Namun, kehidupan ekonomi Kerajaan Banten juga menghadapi tantangan dari VOC, yang ingin menguasai monopoli perdagangan di wilayah ini.
Bagaimana kisah selengkapnya? Simak artikel ini untuk mengetahui lebih lanjut.
Kehidupan Ekonomi Kerajaan Banten
Dilansir dari kompas.com, sejak awal abad ke-15, nama Banten sudah dikenal dalam sumber-sumber China sebagai salah satu pelabuhan penting yang terlibat dalam jaringan pelayaran dan perdagangan internasional.
Oleh karena itu, kehidupan perekonomian Kerajaan Banten sangat bergantung pada perdagangan.
Baca Juga: Inilah 4 Negara di Kawasan Asia Tenggara yang Berbentuk Kerajaan
Pada saat Kerajaan Banten didirikan, Malaka sudah dikuasai oleh bangsa Portugis.
Hal ini membuat Banten semakin penting bagi pelayaran dan perdagangan internasional yang melintasi Selat Sunda.
Sebab, Portugis telah memonopoli perdagangan di Malaka dan memberlakukan pajak yang sangat tinggi bagi pedagang Muslim yang melewati Selat Malaka, sehingga aktivitas perdagangan dan pelayaran beralih ke Banten.
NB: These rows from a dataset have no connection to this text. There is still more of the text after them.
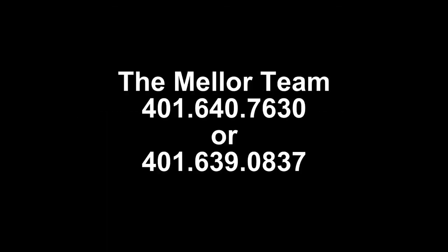For more information on the property and the area, contact the Miller team at 401-640-7630 or 401-639-0837.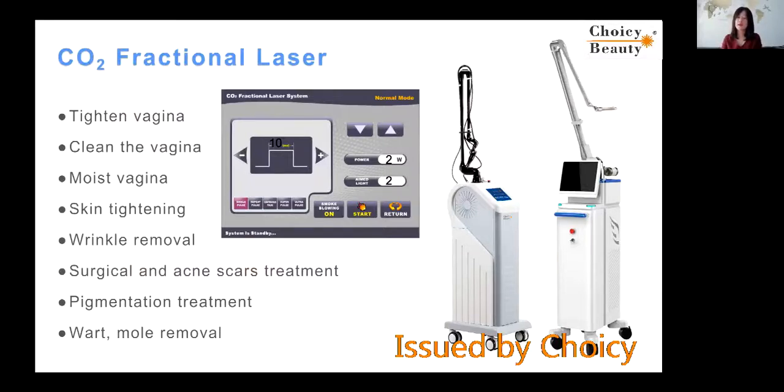CO2 fractional laser — this machine is actually in most hospitals for skin. They have this machine, and it can do many treatments. There is a list here.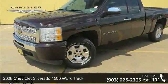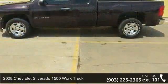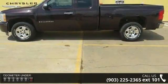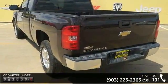Step into the 2008 Chevrolet Silverado 1500. This may be the set of wheels you've been looking for. This vehicle comes with a reliable six-cylinder engine, connected to a smooth shifting automatic transmission.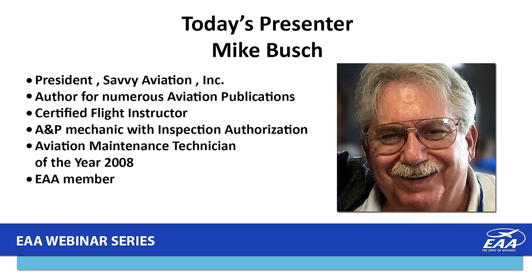Tonight's presentation is 'Ending the War on Jugs.' Our presenter is Mike Bush, president of Savvy Aviation Incorporated, author for numerous aviation publications, and EAA first-Wednesday webinar presenter. Mike is a certified flight instructor and A&P mechanic with inspection authorization. In 2008 he was recognized by the FAA as Aviation Maintenance Technician of the Year. Mike, thank you for being with us tonight.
Dari saat itu, kehidupan ekonomi Kerajaan Banten semakin maju karena pelabuhannya banyak dikunjungi oleh pedagang asing dari Iran, India, Arab, China, dan lain-lain.
Dari pelabuhannya, berbagai sumber daya yang dihasilkan di berbagai wilayah kekuasaan Kerajaan Banten disebarluaskan ke seluruh dunia.
Raja pertama Banten, Sultan Maulana Hasanuddin, dikenal memperluas kekuasaannya ke Lampung, daerah penghasil lada.
Lada merupakan komoditas utama Kerajaan Banten, yang menjadi barang dagangan favorit dalam dunia perdagangan internasional.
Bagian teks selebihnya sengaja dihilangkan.